Goal of the exercise → Please copy every line of the records below that holds the word "Women".

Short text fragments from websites

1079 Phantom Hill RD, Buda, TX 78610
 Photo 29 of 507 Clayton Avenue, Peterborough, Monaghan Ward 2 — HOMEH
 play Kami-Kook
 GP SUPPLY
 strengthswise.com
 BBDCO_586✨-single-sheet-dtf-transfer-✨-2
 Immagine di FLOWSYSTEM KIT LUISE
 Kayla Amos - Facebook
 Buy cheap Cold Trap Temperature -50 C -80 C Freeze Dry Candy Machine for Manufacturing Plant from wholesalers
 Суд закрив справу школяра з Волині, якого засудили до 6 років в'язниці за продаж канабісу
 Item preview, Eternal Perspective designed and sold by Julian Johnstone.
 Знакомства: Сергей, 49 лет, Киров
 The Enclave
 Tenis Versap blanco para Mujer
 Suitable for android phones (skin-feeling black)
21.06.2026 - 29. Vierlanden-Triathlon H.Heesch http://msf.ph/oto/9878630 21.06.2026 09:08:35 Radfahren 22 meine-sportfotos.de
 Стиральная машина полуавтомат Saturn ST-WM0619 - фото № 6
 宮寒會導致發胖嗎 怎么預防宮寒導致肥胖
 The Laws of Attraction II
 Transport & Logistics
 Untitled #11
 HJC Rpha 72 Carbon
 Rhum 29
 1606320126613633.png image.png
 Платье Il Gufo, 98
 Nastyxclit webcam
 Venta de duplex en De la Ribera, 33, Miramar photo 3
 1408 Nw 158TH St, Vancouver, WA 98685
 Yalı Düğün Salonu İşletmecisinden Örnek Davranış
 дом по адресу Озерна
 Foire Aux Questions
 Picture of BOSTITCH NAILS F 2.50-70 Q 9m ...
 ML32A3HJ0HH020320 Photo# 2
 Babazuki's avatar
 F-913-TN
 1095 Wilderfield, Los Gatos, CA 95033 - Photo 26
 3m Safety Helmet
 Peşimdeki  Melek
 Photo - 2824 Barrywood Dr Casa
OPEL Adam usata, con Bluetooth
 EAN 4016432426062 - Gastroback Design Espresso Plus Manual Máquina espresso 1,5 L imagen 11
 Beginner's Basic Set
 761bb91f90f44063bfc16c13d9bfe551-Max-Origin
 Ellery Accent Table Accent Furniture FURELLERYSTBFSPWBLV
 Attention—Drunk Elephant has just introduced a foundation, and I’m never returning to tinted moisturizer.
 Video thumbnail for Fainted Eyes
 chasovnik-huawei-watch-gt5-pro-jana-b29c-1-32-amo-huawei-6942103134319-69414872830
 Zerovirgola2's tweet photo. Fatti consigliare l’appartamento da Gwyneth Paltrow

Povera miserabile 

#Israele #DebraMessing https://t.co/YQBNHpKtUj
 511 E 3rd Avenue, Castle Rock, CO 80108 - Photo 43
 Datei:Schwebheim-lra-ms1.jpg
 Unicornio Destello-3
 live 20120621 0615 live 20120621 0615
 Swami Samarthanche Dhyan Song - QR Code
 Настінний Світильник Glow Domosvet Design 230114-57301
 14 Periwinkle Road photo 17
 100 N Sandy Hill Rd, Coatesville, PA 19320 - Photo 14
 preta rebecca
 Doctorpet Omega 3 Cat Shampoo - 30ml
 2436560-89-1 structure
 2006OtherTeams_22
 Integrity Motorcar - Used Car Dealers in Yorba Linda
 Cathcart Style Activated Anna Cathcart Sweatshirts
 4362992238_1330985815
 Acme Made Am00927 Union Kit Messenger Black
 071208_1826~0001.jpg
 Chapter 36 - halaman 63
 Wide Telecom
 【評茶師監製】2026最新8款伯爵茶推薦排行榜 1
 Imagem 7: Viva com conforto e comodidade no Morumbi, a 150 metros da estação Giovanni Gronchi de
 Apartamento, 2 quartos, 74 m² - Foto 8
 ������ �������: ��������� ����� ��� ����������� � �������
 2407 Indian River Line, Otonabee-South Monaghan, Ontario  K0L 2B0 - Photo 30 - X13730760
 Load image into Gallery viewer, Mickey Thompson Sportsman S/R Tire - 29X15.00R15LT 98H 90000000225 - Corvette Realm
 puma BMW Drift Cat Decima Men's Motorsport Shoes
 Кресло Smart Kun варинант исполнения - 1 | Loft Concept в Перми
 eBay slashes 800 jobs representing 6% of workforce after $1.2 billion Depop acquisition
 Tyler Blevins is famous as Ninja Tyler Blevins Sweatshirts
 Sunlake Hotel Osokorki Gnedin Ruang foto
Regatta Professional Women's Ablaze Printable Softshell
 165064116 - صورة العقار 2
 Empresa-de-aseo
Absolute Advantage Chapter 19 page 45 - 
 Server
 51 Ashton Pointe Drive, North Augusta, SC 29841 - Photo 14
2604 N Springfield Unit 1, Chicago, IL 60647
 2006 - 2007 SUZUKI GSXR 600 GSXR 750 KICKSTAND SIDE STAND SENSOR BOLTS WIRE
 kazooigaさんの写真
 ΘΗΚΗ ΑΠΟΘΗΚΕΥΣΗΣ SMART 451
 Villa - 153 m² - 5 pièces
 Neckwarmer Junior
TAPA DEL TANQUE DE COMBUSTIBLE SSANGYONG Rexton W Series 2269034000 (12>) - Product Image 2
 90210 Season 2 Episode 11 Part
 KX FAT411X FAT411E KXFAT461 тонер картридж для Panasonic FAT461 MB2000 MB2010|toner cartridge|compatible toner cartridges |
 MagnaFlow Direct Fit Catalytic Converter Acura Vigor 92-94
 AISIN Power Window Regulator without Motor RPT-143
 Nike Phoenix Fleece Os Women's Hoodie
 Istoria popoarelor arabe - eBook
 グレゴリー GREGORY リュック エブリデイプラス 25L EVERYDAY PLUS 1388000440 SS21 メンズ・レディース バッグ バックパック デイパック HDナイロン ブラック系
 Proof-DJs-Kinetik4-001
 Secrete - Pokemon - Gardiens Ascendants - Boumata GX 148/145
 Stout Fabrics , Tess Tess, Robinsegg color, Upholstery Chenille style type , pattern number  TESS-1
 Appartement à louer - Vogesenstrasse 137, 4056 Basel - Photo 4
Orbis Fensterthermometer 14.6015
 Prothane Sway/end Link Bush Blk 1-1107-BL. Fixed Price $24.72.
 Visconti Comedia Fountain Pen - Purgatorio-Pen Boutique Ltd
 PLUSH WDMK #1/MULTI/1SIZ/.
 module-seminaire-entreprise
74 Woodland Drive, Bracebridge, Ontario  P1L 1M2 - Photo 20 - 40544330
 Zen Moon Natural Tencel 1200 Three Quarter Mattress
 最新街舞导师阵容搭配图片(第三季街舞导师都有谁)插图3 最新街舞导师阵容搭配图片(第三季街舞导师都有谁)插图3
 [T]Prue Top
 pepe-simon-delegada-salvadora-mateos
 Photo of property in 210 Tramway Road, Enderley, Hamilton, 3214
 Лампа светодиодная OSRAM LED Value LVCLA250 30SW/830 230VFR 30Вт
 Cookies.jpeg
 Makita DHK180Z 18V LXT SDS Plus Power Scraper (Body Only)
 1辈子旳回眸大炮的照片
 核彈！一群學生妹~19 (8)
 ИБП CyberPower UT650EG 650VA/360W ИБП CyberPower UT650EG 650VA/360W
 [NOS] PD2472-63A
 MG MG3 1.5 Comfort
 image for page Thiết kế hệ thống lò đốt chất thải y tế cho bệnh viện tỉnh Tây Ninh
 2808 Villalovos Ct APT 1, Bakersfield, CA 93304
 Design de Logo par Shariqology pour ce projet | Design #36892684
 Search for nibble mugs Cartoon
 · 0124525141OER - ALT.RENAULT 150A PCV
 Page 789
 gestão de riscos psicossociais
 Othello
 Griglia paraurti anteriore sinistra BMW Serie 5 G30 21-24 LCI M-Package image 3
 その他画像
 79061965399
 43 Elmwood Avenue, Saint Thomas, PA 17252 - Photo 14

Response below →
Regatta Professional Women's Ablaze Printable Softshell
 Nike Phoenix Fleece Os Women's Hoodie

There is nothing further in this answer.